Recently, a New Chinese Reminder Theorem [12] was proposed to analyze the magnitude of the number in RNS. In this paper, the proposed algorithm takes advantage of the characteristic of the conjugate moduli set $\left(2^{n}-2^{k}-\right.$ 1) offers better performance of delay, area and speed. The new modulo adder could be isolated into four units, such as, 1. Preprocessing unit, 2. Prefix computation unit, 3. Carries correction unit, and 4 . Sum computation unit. In the proposed scheme, To obtain the final carries required in the sum computation module, the carry information of $\mathrm{A}+\mathrm{B}+\mathrm{T}$ could be calculated by prefix computation unit. So that the proposed modulo $\left(2^{n}-2^{k}-1\right)$ adder can get the best delay performance. The proposed algorithm has two main reasons. It is the best algorithm leading to VLSI architecture with the real time applications for better performance in weighted number systems. And it is described by implementing an efficient RNS for computing the minimum Sum of Absolute Differences (SAD), with more time consuming video motion estimation application.

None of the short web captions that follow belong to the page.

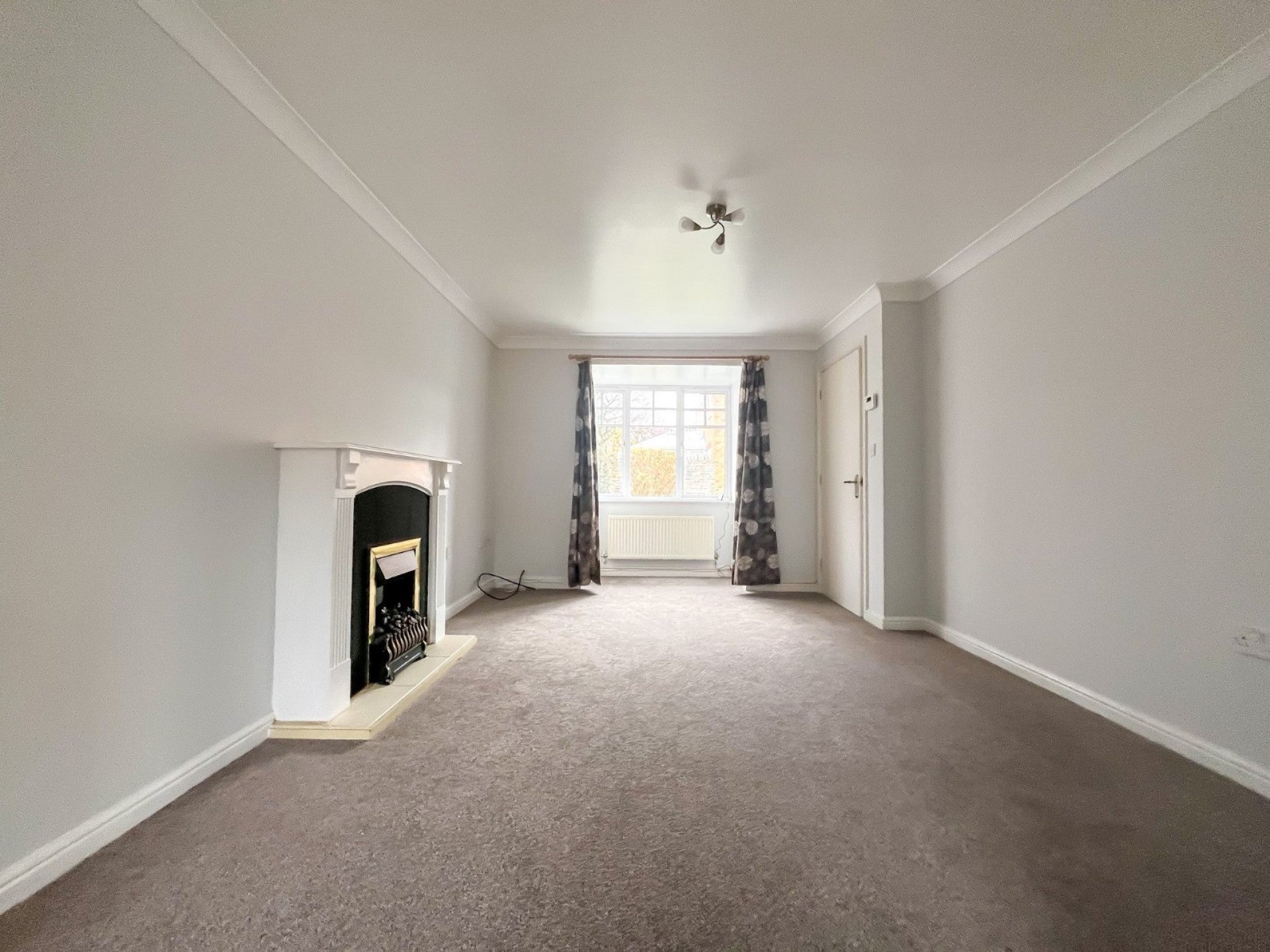 House Broom Farm Close in Nailsea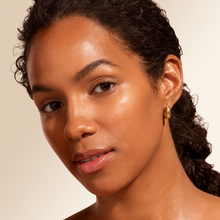 Charger l'image dans la galerie, Glow Fixation SPF 40 Rehausseur de Teint Transparent avec Squalane et Niacinamide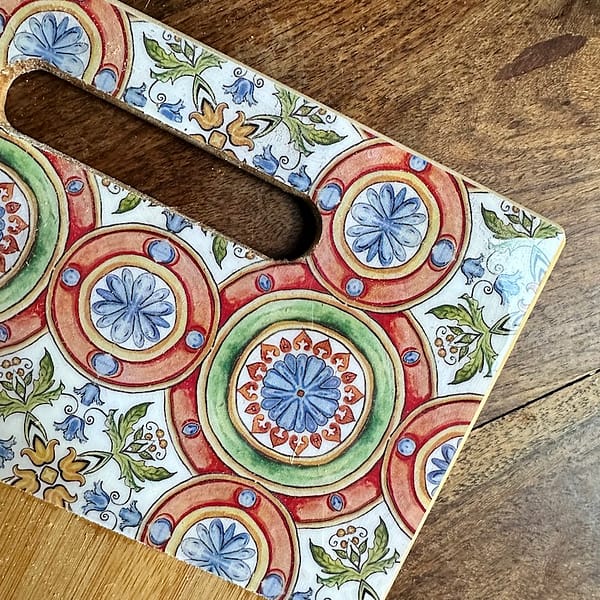 Orange and Green Love Hearts tile painted-effect bamboo wood charcuterie board - Mediterranean home decor by Bonnymia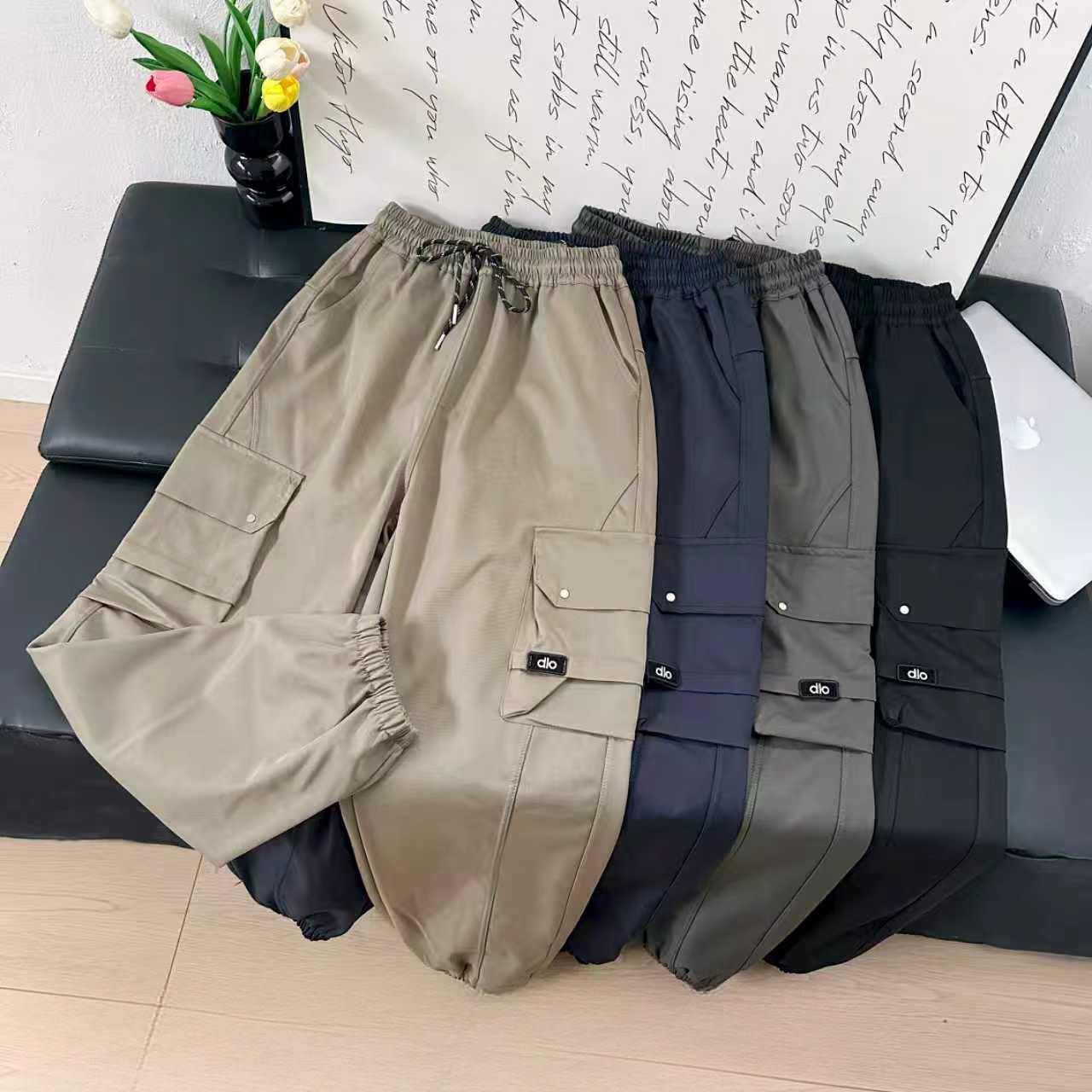 Plush Workwear Pants Are Wear-resistant, Warm And Skin-friendly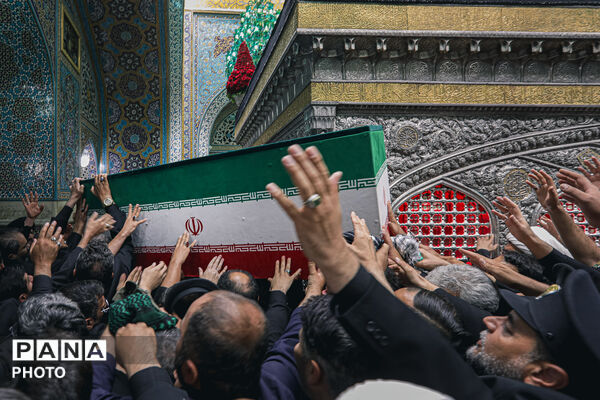 طواف پیکر رهبر شهید انقلاب بر گرد ضریح مطهر امام رضا علیه‌السلام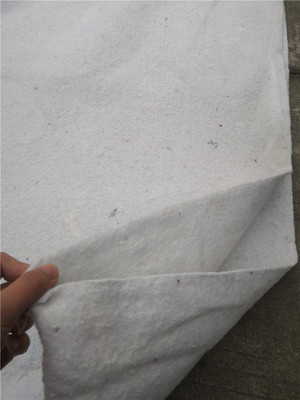 土工布工程保湿黑心棉大棚树木防寒保温家具包装毯公路养护毯毛毡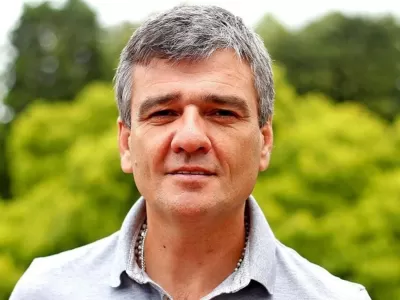 Juan Zabaleta reunió a vecinos en un acto patrio en Hurlingham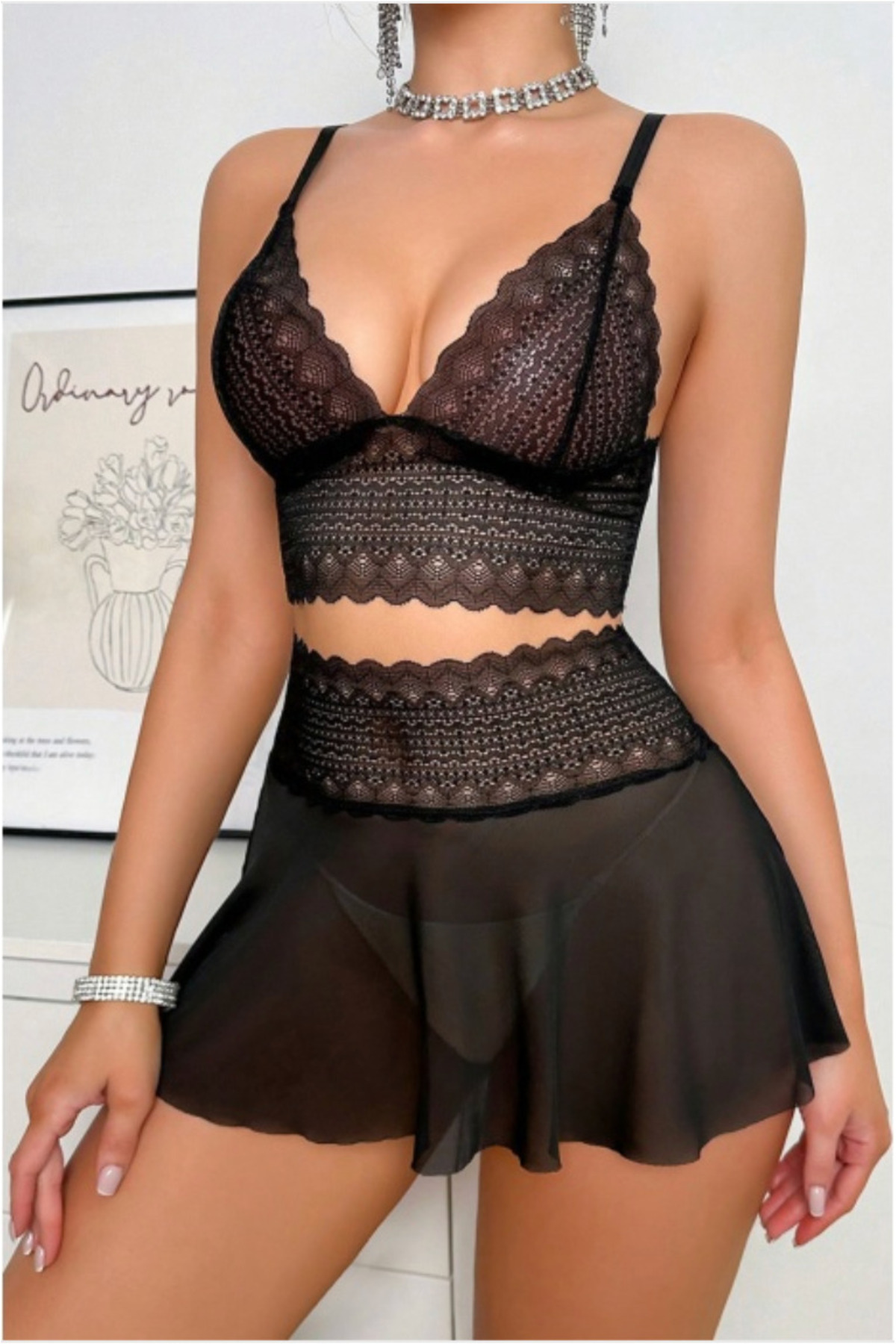 Vielove Kadın Siyah Dantel ve Tül Detaylı Etekli Gecelik Takımı – Şık, Zarif ve Konforlu 2’li İç Giyim Seti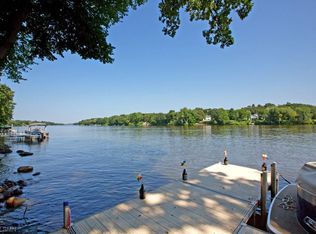 7050 River Shore Ln, Champlin, MN 55316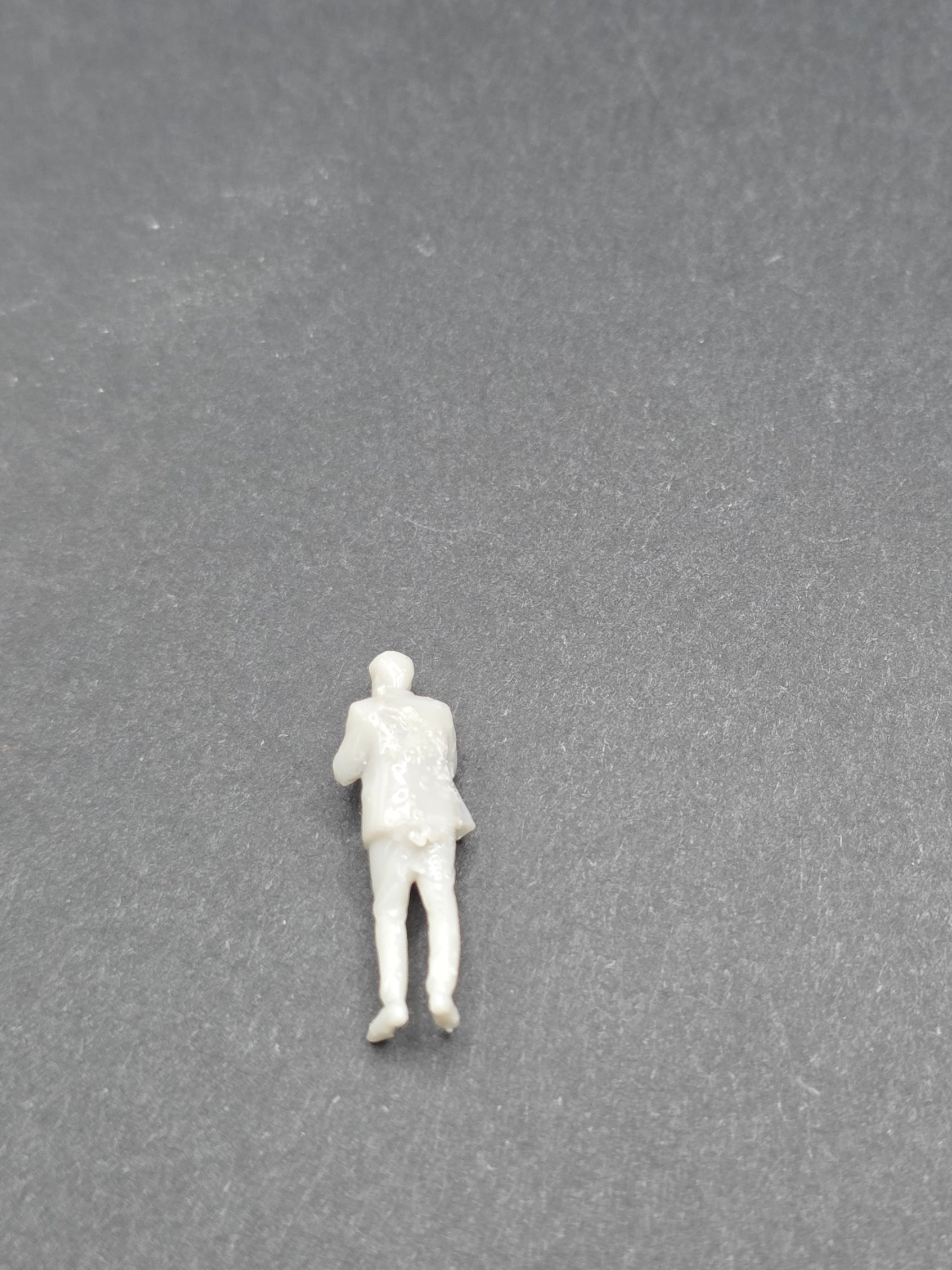 Eine Figur im Anzug am Telefon im Maßstab 1/87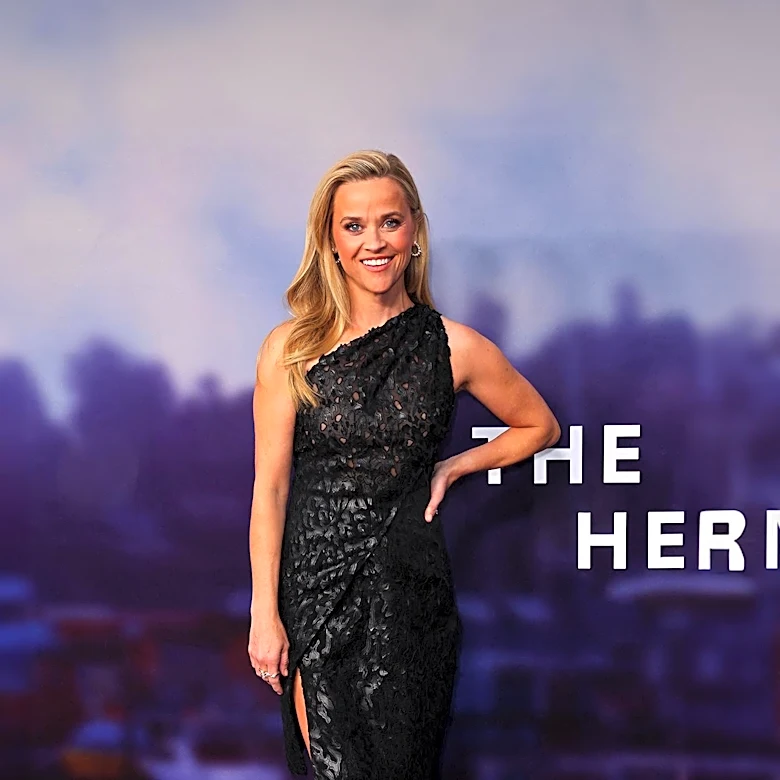 Reese Witherspoon Addresses Father's Hospitalization After Fall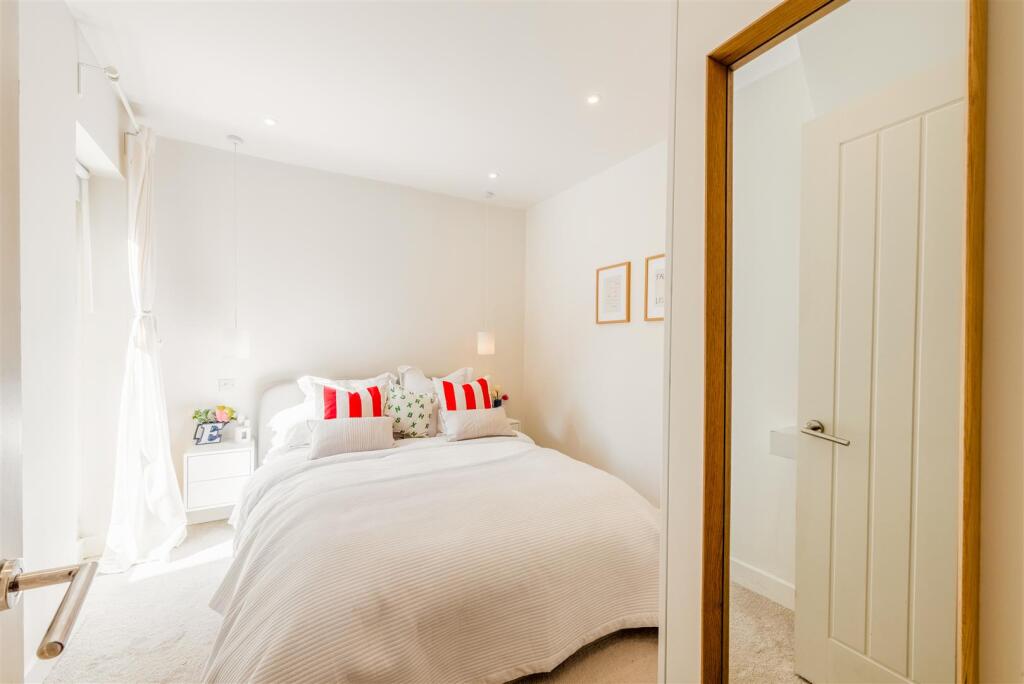 71a Milner Road-14.jpg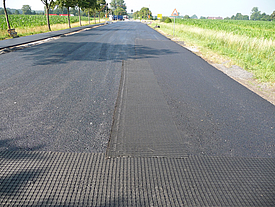 Complete road rehabilitation using HaTelit BL reinforcement mesh.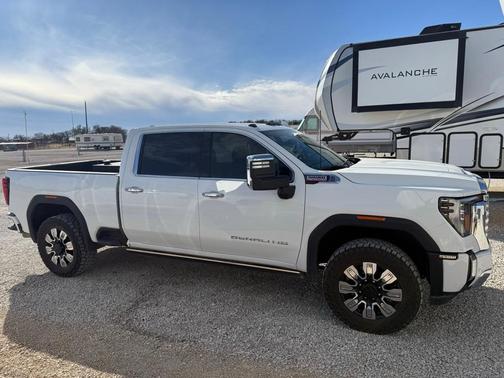 2025 GMC Sierra 2500 Denali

The paper is classified as follows. Section II discussed about SAD adder tree. Section III discussed about Residue Number System and its modular addition procedure and RNS modulo ( $2^{n}-2^{k}-1$ ) adder. Section IV describes the motion estimation using RNS. Finally, section V concludes this paper.

## 2. SAD adder tree

In the 16 SAD architecture, each one is in charge of the $\operatorname{SAD}$ computation of one primitive $4 \times 4$ sub-block in
parallel. There are 16 absolute differences computed and then the 16 absolute values are fed into the adder unit to complete a $4 x 4$ SAD. Adding the 16 absolute differences to obtain one $4 \times 4 \mathrm{SAD}$ is implemented by employing multilevel 3-2 compressors, as shown in Fig. 1 (a). Fig. 1 (b) shows the structure of the 3-2 compressor, where the k binary inputs of $a, b$ and $c$ bit values $a_{0}-a_{k}, b 0-b_{k}$, and $c_{0}-c_{k}$ respectively. And the depth of input value is 8 bit, so k equals to 8 . The output $\operatorname{sum}_{0}$-sum ${ }_{k}$ stand for each of the summer bit of the input three binary bits, and carry ${ }_{0}$-carry $_{\mathrm{k}}$ stands for each of the carry bit.


Fig. 1. (a) Structure of 3-2 compressor.


Fig. 1. (b) Structure of adder unit.

One $16 \times 16 \mathrm{MB}$ is partitioned into $164 \times 4$ sub-block, denoted as $\mathrm{C}_{0}-\mathrm{C}_{15}$,as shown in Fig. 2 (a). During the processing procedure, eight $8 \times 4$ SADs and $4 \times 8$ SADs can be first obtained simultaneously, and then four $8 \times 8$ SADs can be produced at the same time, then two $16 \times 8$ SADs and $8 \times 16$ SADs be synchronously achieved subsequently, and finally the $16 \times 16$ SAD can be obtained, shown in Fig. 2 (b). All of the 41 SADs should be stored in the registers for the reuse of the following unit. The generation of the whole 41 SADs of one MB can be implemented within 6 cycles.

| C0 | C1 | C 2 | C3 |
| :--- | :--- | :--- | :--- |
| C4 | C5 | C6 | C 7 |
| C8 | C 9 | C10 | C11 |
| C12 | C13 | C14 | C15 |

Fig. 2. (a) Block Pattern of H. 264.


Fig. 2. (b) Structure of Adder Array.

Mostly, the processing systems concerned about the speed of arithmetic. In arithmetic systems, the speed is limited by the way of building block that makes logic decisions and the extent to which decisions of least numeric significance can affect results of most significance. This problem is best designed by the addition operation, in which a lower-order carry can have a rippling effect on a sum. The adder tree array is a carry effective. In the adder tree array, the addition operation effect the carries on digits of most significance. For every addition operation, it facilitates the realization of less speed and more power. The most significance sum value waits for the carry values for execution result. Hence, the adder tree consumes more power and less speed.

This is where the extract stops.